As at July 2024, the current timetable for the through service is an hourly service between approximately 10am and 6pm, 7 days per week, from Takefu-Shin to Washizuka-Haribara and return. It operates as a local service, serving all stations and diverting via Fukui-Ekimae in both directions (services do not stop at Nakatsuno on the Mikuni Awara Line because there is no low-floor platform at this station). In addition there are two morning local trips from Takefu-Shin arriving at Tawaramarchi around 8am which continue one stop onto the Mikuni Awara Line to terminate at Fukudai-mae Nishi-Fukui then return as a local service to Takefu-Shin - these trips do not divert via Fukui-Ekimae in either direction.

==History==
- August 1, 1945: Fukubu Electric Railway merges with Seiho Electric Railway to form Fukui Railway.
- August 1948: Fukui Railway acquires Chūbu Noriai Jidōsha.
- December 1953: Fukui Railway acquires Tsuruga Noriai.
- September 1960: Fukui Railway acquires Mikata Kōtsū.
- September 1963: 33.36% of Fukui Railway acquired by Nagoya Railway (Meitetsu Group).
- September 29, 1973: Seiho Line abolished.
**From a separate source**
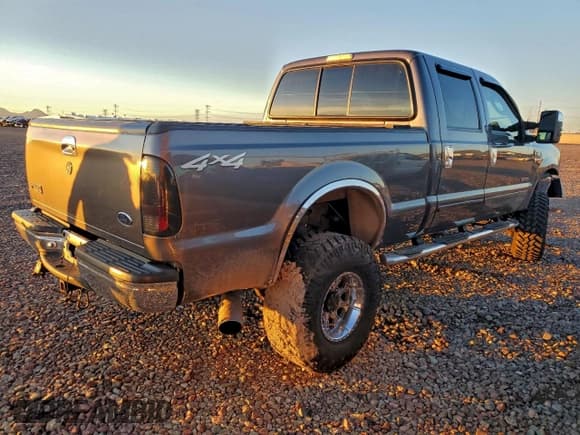 ✅ 2003 Ford F-350 XL • VIN: 1FTSW31P23EC12328 • Lot: 93344945. Listed on Copart with Not provided. Free auction sales archive from the USA and detailed vehicle history report at DreamBid. Image 3.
- April 1, 1981: Nan'etsu Line abolished.
- July 20, 1988: Highway bus service between Fukui and Nagoya begins.
- December 1988: Bus location system introduced.
- May 2, 1989: Overnight highway bus service between Fukui and Tokyo begins.
- October 1990: Highway bus service between Fukui and Namba, Osaka begins.
- April 1993: Highway bus service between Fukui and Namba, Osaka halted.
- September 2003: Highway bus service between Obama and Osaka begins.
- November 1, 2006: Daytime highway bus service between Fukui and Tokyo begins.
- December 22, 2007: Daytime highway bus service between Fukui and Osaka (Umeda) begins.
- December 29, 2008: Nagoya Railroad transfers its 33.36% share of Fukui Railway to local municipalities, ending all capital ties with the company.
- February 24, 2009: The company's "Railway Business Restructuring Plan" is approved by the central government, paving the way for financial assistance from municipalities and the national government.
- March 2016: Through train service between Echizen Railway.
- February 25, 2023: The station name for the southern terminus of the Fukubu Line was changed from Echizen-Takefu to Takefu-Shin, due to the name "Echizen-Takefu" being used for the new nearby station on the Hokuriku Shinkansen extension to Tsuruga.